Mike Mattison: You Cant Fight Love

Mike Mattison
Mike Mattison
You Can’t Fight Love
(Landslide)
3 out of 5 stars

Videos by American Songwriter

This is singer/songwriter Mike Mattison’s first solo album, but he is an established journeyman with his vocal work as part of the original Derek Trucks Band, the Tedeschi-Trucks Band that evolved from that and with guitarist Paul Olsen in the group Scrapomatic. Not surprisingly, members of those outfits are called in to assist Mattison on these dozen soul inflected tracks. Since all of Scrapomatic backs him here, this is a solo project in name only, but Mattison is clearly the star.

The singer wrote or co-composed all but a handful of tracks and the difference in approach to these tunes, as opposed to the other acts he is a part of, is immediately obvious. More pop/R&B than the expansive, often jam oriented Tedeschi-Trucks outfit and less winding, rootsy and swampy than Scrapomatic, these songs go down easy but still have plenty of kick. Selections like “Piece of Clay” and the opening Al Green/Hi label inspired title track take their cues from the finest 60s soul. The recording and Mattison’s production is crisp, tight and immediate, displaying his distinctive sandpaper and honey vocals out front where they belong.
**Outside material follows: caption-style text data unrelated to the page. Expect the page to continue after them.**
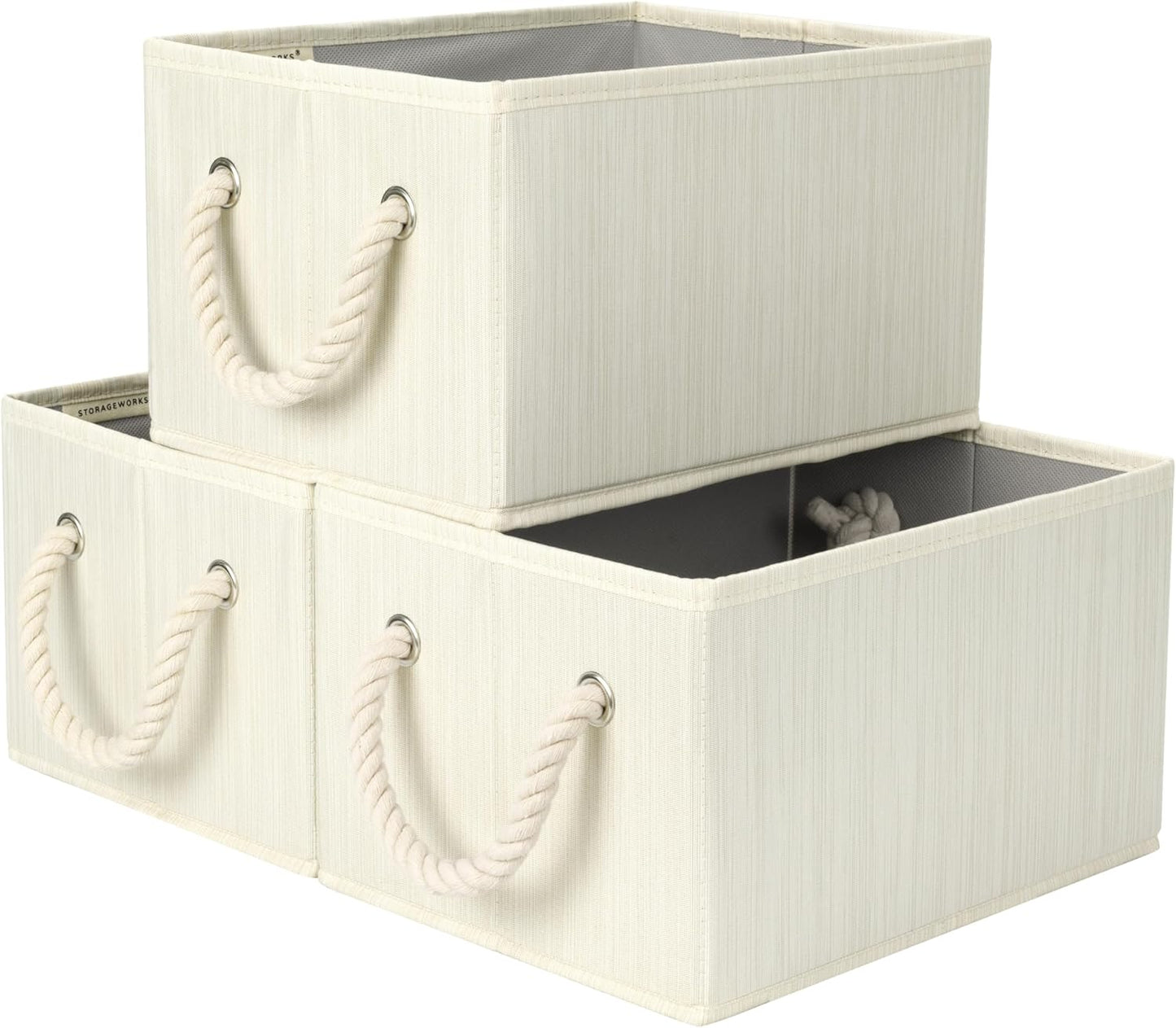 StorageWorks Storage Baskets for Shelves, Foldable Fabric Closet Storage Bins with Handles, Fabric Storage Bins Clothes Organizer, Beige, White & Ivory, 3-Pack, Small
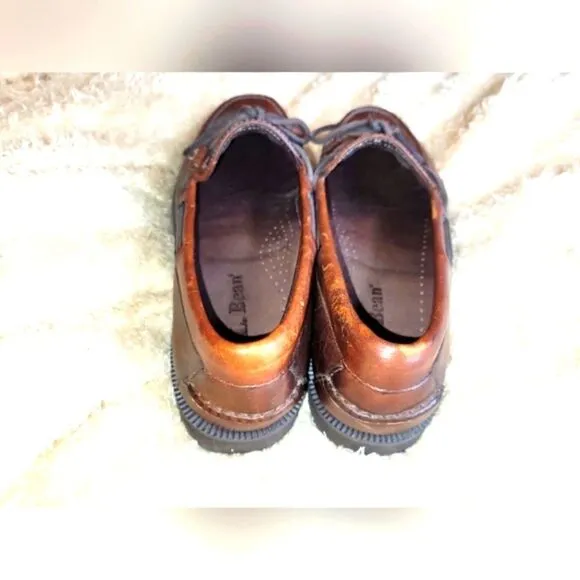 L.L.Bean leather slip on loafers,Women's sz 8.5,Brown.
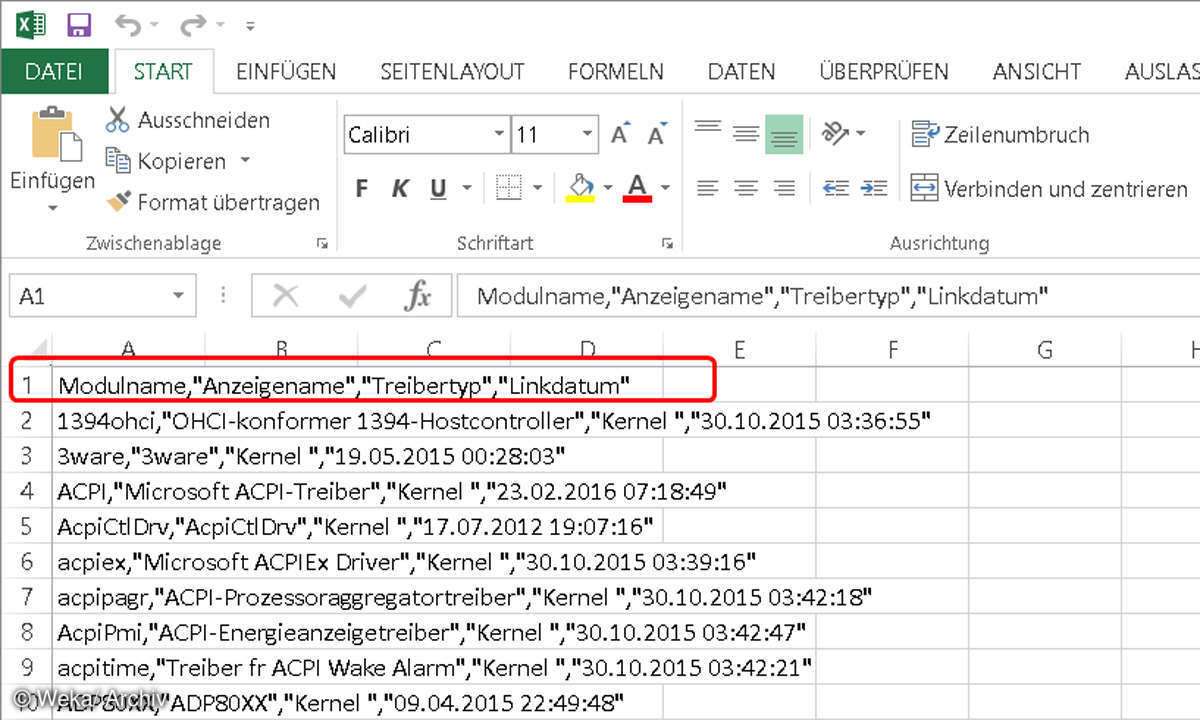 Screenshot: Excel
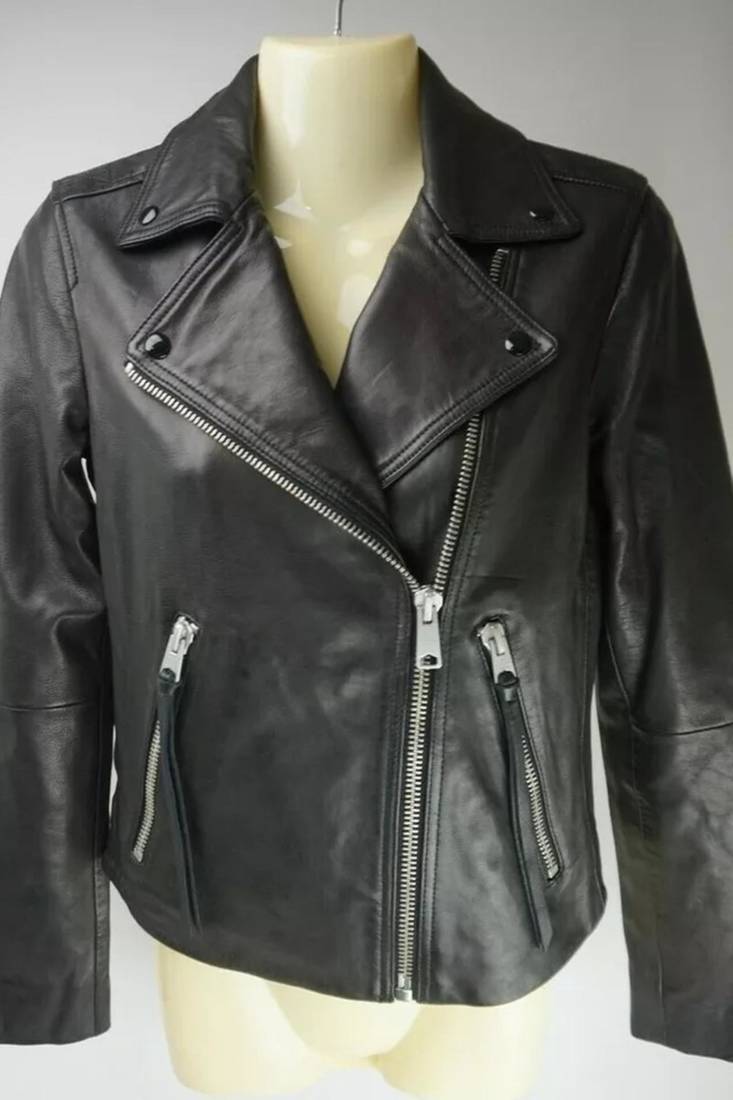 Women’s black  lambskin leather jacket -asymmetrical  zipper detail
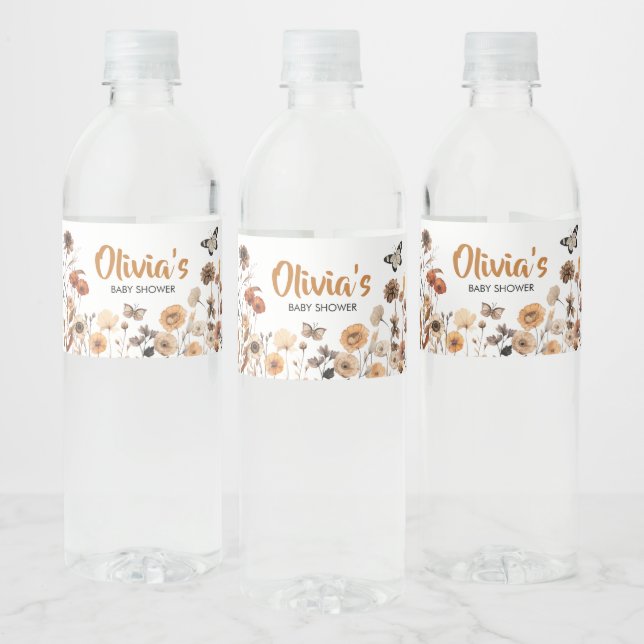 Wildflower Butterfly Baby Shower Water Bottle Label (Bottles)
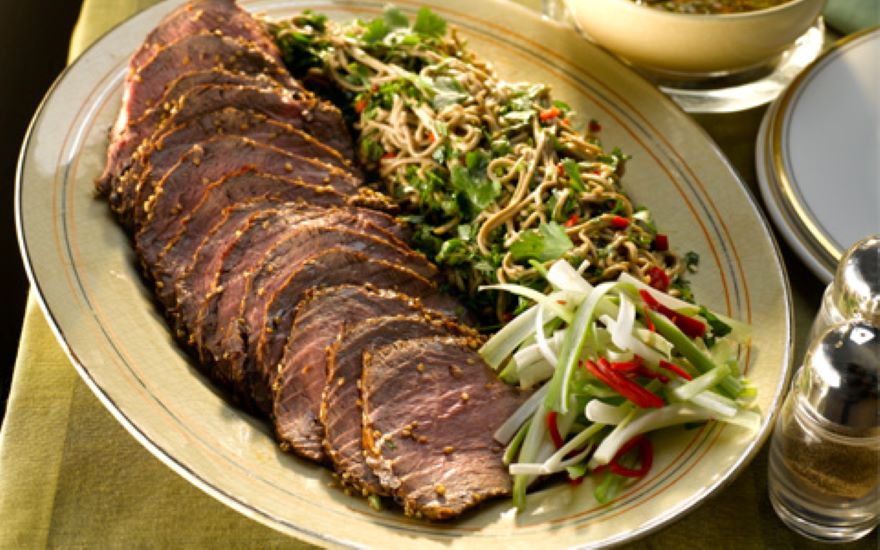 Sesame Roast Fillet of Beef with Soba Noodle Salad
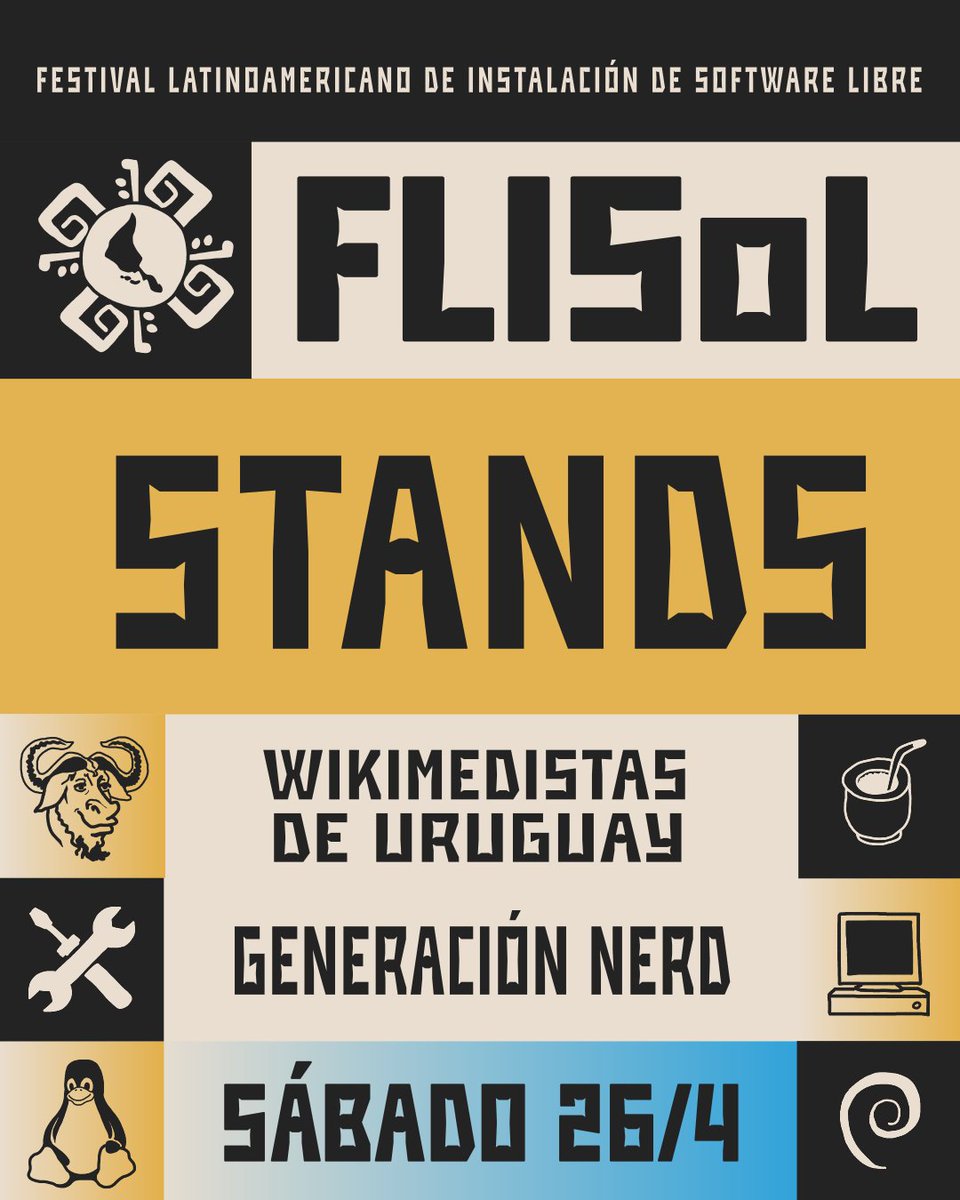 flisoluy_'s tweet photo. 💾 Además de las actividades del programa, durante el día sábado 26 de abril en FLISoL vas a encontrar los Stands de "Wikimedistas de Uruguay" y "Generación Nerd", quienes estarán exponiendo cositas ✨

🔗 Más información: https://t.co/vvHsV7TNlI

@esp_Colabora https://t.co/kZ0RuGaHOD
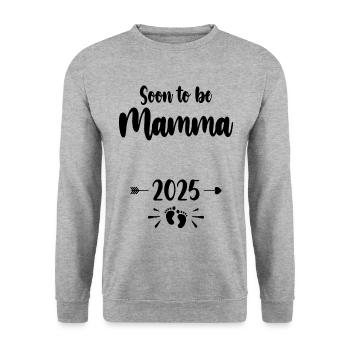 Mamma Soon To Be Mom 2025 Mother Pregnant Kids Mot - Unisex Sweatshirt - salt & pepper - Front - Alina (178cm) & Michal (187cm)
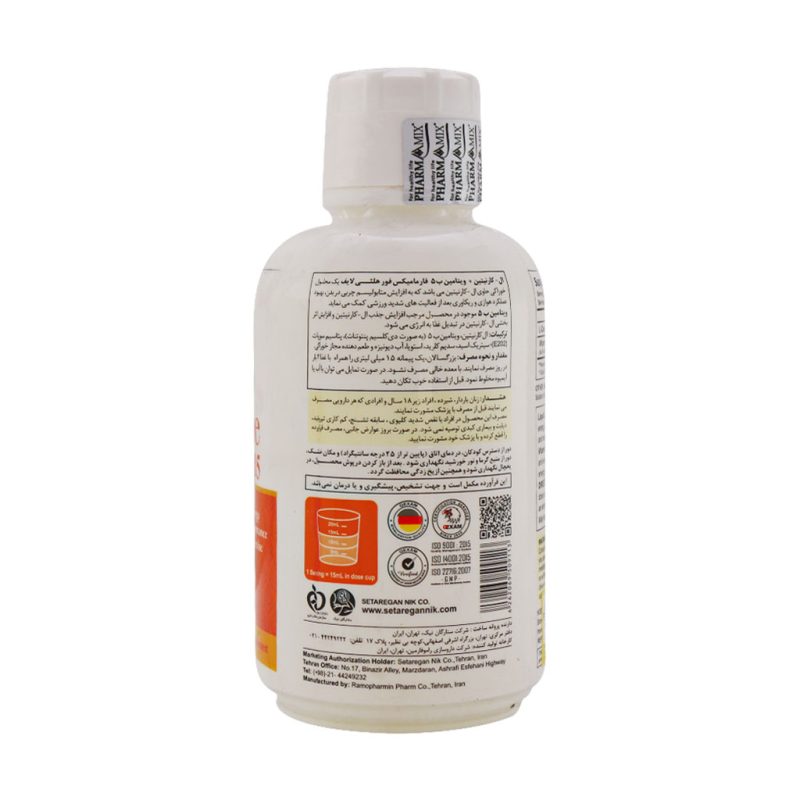 محلول خوراکی ال کارنیتین و ویتامین B5 فارمامیکس 500 میلی لیتر - تصویر 4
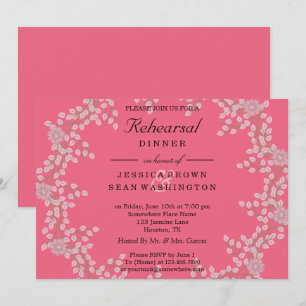 Chic Pink Floral & Pearls Wedding Rehearsal Dinner Invitation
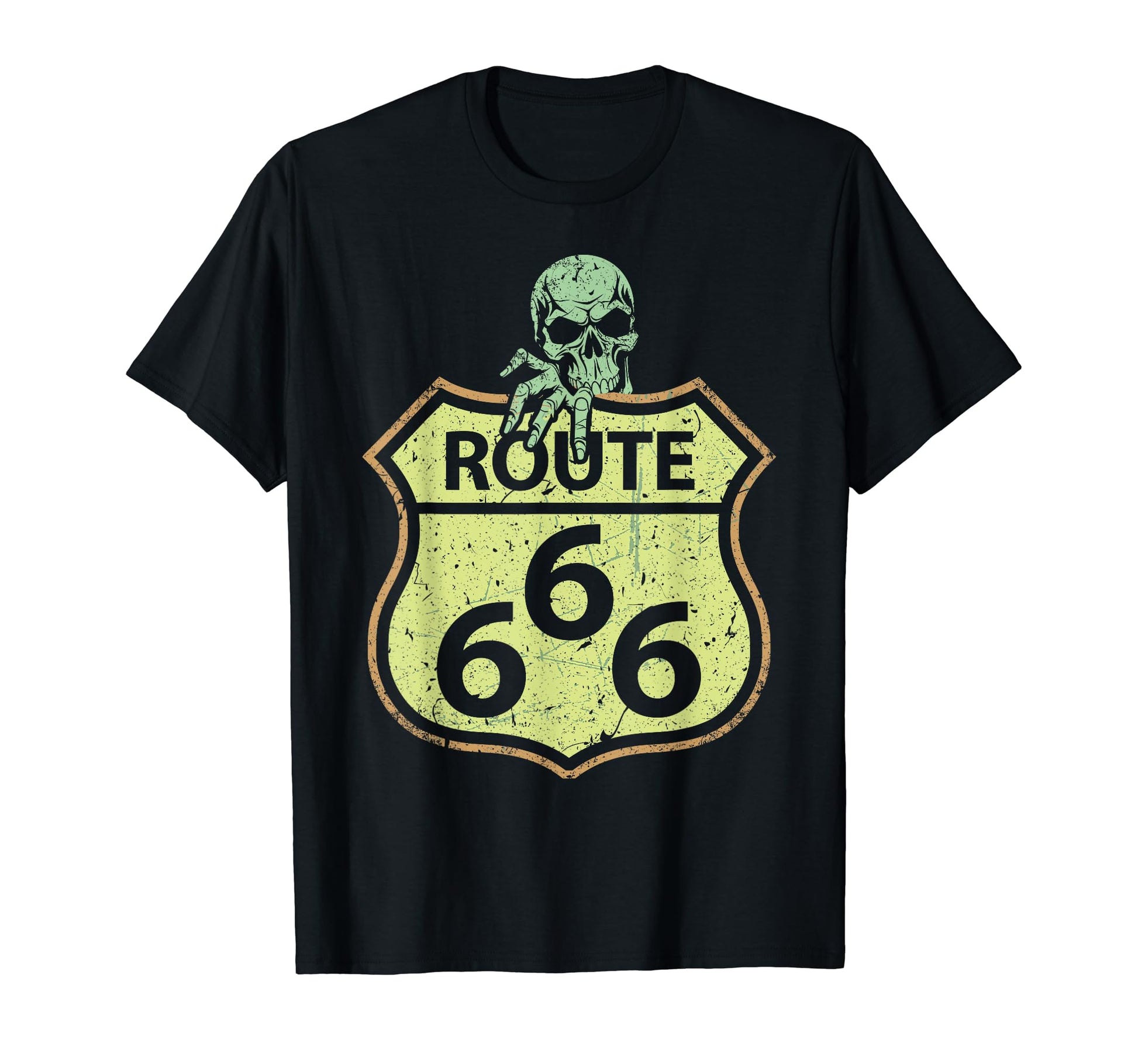 Creepy Skull Highway 66 Route 666 Funny T-Shirt - Graphic Print Unisex - T-Shirt, Sweatshirt, Hoodie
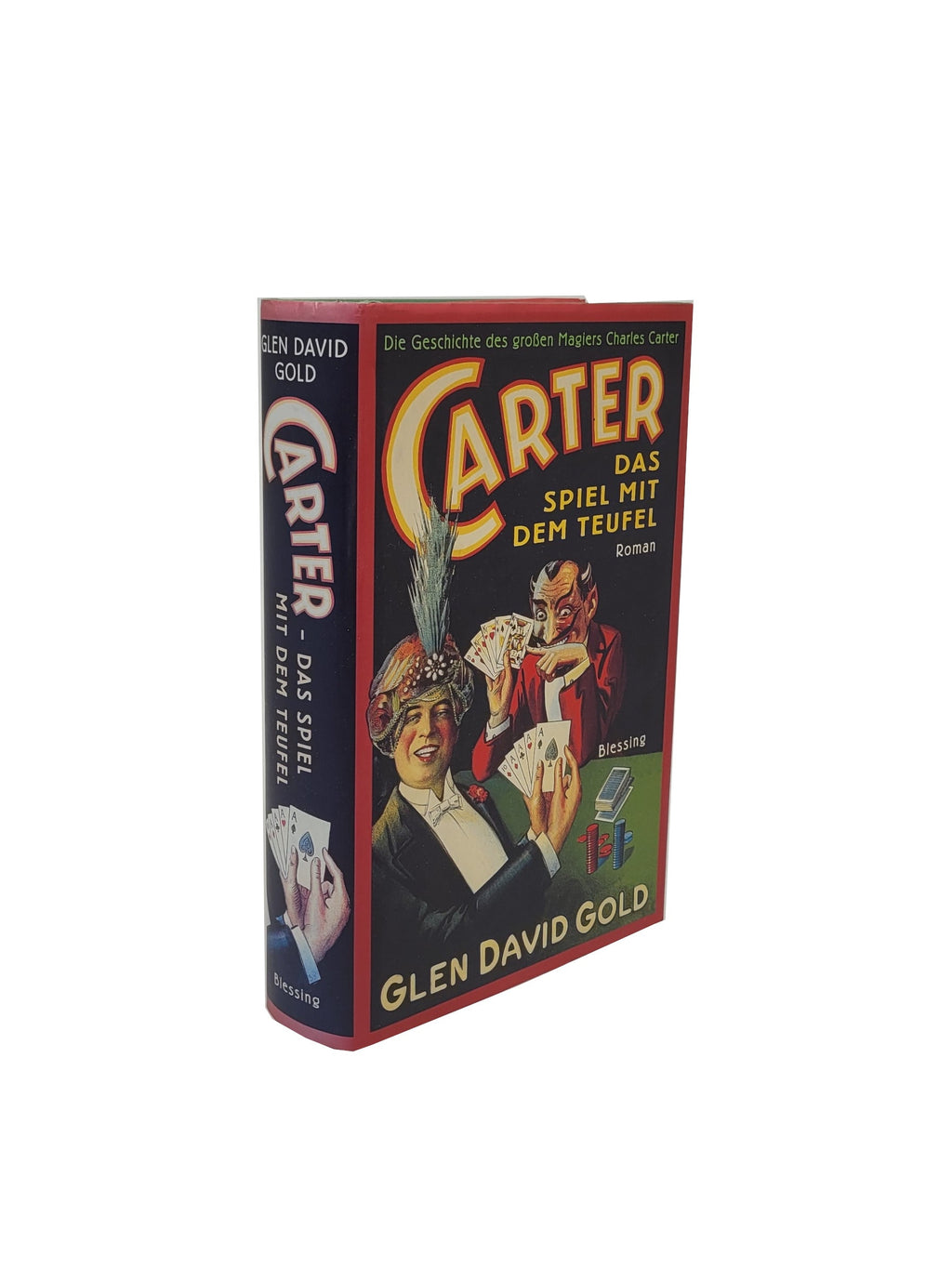 „Hardcover ‚Carter – Das Spiel mit dem Feuer‘ von Glen David Gold; gebrauchtes Buch, kleine Beschädigung an der Vorsatzseite, insgesamt guter Zustand.“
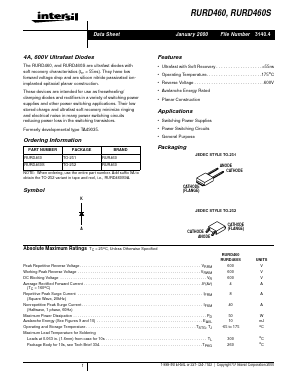 RUR460 Datasheet PDF Intersil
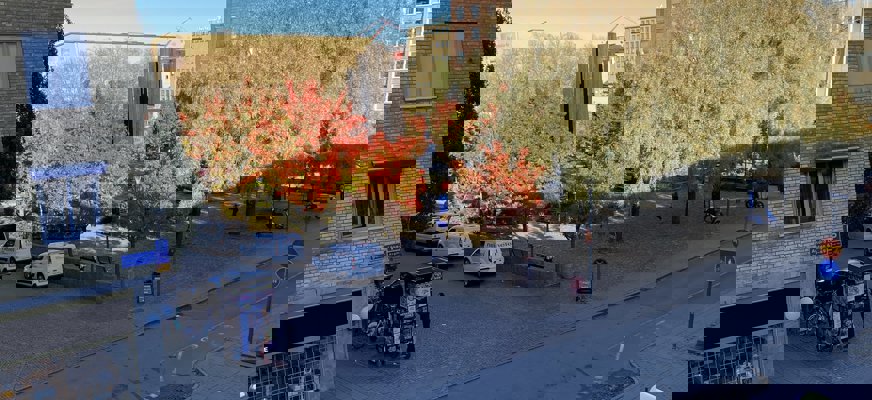 Bilden visar masthuggstorget uppifrån masthuggsterrassen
The singer shifts gears into country for the oddly titled “Good Luck Automated Car Crash” completed with fiddle and on an imaginatively rearranged version of the Buzzcock’s punk-pop hit “Everybody’s Happy Nowadays,” perhaps the first time many listeners will be able to understand its lyrics once they are removed from the original’s jittery rendition. Mattison taps deep blues for a cover of Charlie Patton’s gospel “Going Home” that oddly fades out just as the horns are working into a serious groove. He revives “Midnight in Harlem,” already sung by Susan Tedeschi on her and husband Trucks’ Revelator album, bringing a more religious feel to it. Mattison gets good and funky on the tough “Gimme Your Love” and shifts into falsetto on the bridge of the instantly hummable, pop leaning “That Makes Two of Us.”

It’s clear from this long time coming “debut” that Mattison has the talent, ambition and maturity to move out front and be recognized under his own name. Its success can be attributed to the substantial and impressive work he has done in preparation and one hopes this is the start of a long, well deserved career in the spotlight.